[R] algorithm for clustering categorical data

Tue Aug 6 20:43:59 CEST 2013

Thanks for the reply...

For some reason, I need to keep Euclidean distance in the process...

-----Original Message-----
From: Martin Maechler [mailto:maechler at stat.math.ethz.ch] 
Sent: Tuesday, August 06, 2013 12:04 PM
To: dcarlson at tamu.edu
Cc: Li, Yan; r-help at r-project.org
Subject: Re: [R] algorithm for clustering categorical data

>>>>> "DC" == David Carlson <dcarlson at tamu.edu>
>>>>>     on Tue, 6 Aug 2013 10:26:56 -0500 writes:

    > What do you mean by representing the categorical fields by 1:k?
    > a <- c("red", "green", "blue", "orange", "yellow")

    > becomes

    > a <- c(1, 2, 3, 4, 5)

    > That guarantees your results are worthless worthless indeed!

    > unless your categories
    > have an inherent order (e.g. tiny, small, medium, big, giant).
    > Otherwise it should be four (k-1) indicator/dummy variables (e.g.):

    > a.red <- c(1, 0, 0, 0, 0)
    > a.green <- c(0, 1, 0, 0, 0)
    > a.blue <- c(0, 0, 1, 0, 0)
    > a.orange <- c(0, 0, 0, 1, 0)

    > Then you can use Euclidean distance.

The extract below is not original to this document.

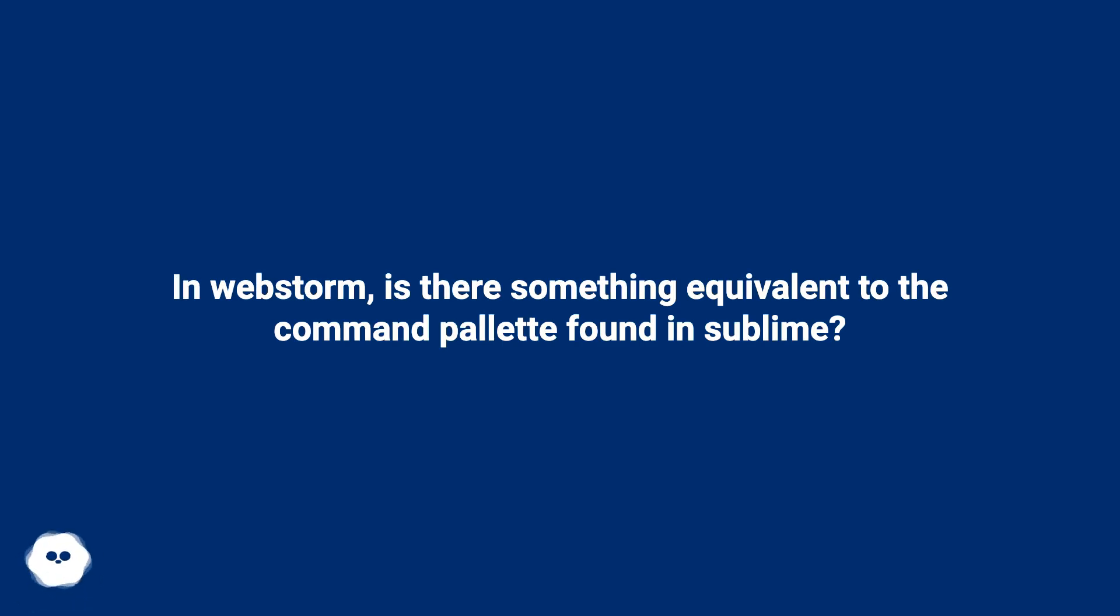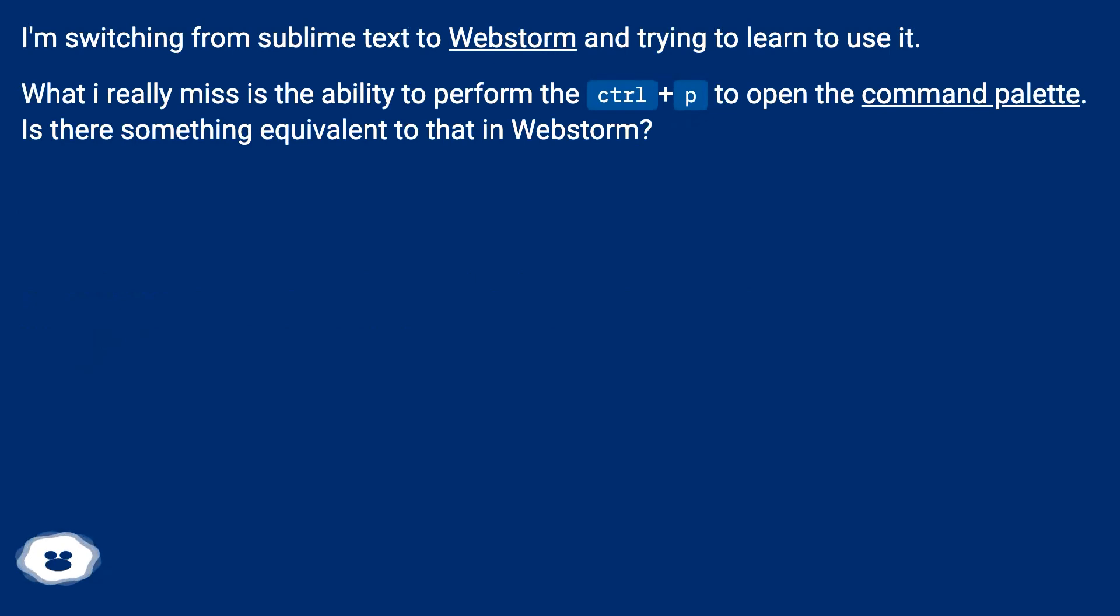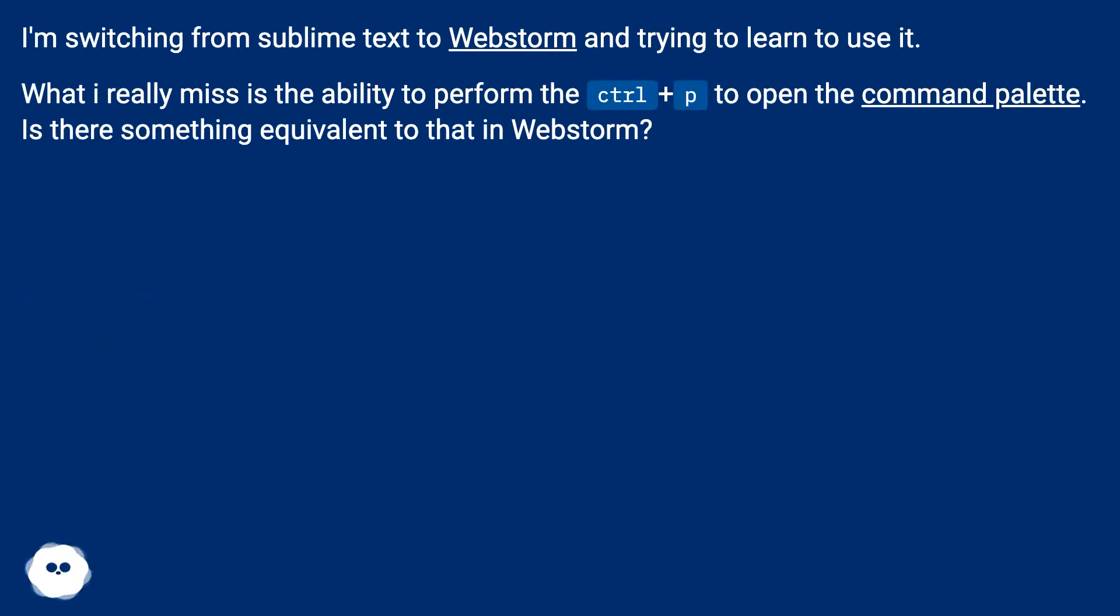In WebStorm, is there something equivalent to the command palette found in Sublime? I'm switching from Sublime Text to WebStorm and trying to learn to use it. What I really miss is the ability to perform Ctrl+P to open the command palette. Is there something equivalent to that in WebStorm?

Yes, ... or use Gower's or other similarly sophisticated distances, as you (David) mentioned earlier in this thread.

Do also note that a generalized Gower's distance (+ weighting of
variables) is available from the ('recommended' hence always
installed) package 'cluster' :

  require("cluster")
  ?daisy
  ## notably  daisy(*,  metric="gower")

Note that daisy() is more sophisticated than most users know, using the 'type = *' specification allowing, notably for binary variables (as your a.<col> dummies above) allowing asymmetric behavior which maybe quite important in "rare event" and similar cases.

Martin

    > -------------------------------------
    > David L Carlson
    > Associate Professor of Anthropology
    > Texas A&M University
    > College Station, TX 77840-4352

    > -----Original Message-----
    > From: Li, Yan [mailto:Yan_Li at ibi.com] 
    > Sent: Tuesday, August 6, 2013 9:36 AM
    > To: dcarlson at tamu.edu; r-help at r-project.org
    > Subject: RE: [R] algorithm for clustering categorical data

    > H David and other R helpers,

    > If I rescale the numerical fields to [0,1] and represent the
    > categorical fields to 1:k, which is the same starting point as
    > Gower's measure, but I use Euclidean distance instead of Gower's
    > distance to do k-means clustering. How much is the difference? What
    > is the draw back? 

    > Thanks you,
    > Yan

    > -----Original Message-----
    > From: David Carlson [mailto:dcarlson at tamu.edu] 
    > Sent: Thursday, August 01, 2013 12:08 PM
    > To: Li, Yan; r-help at r-project.org
    > Subject: RE: [R] algorithm for clustering categorical data

    > Read up on Gower's Distance measures (available in the ecodist
    > package) which can combine numeric and categorical data. You didn't
    > give us any information about how you numerically transformed the
    > categorical variables, but the usual approach is to create indicator
    > variables that code presence/absence for each category within a
    > categorical variable. Different variances between variables can be
    > reduced by standardizing the variables.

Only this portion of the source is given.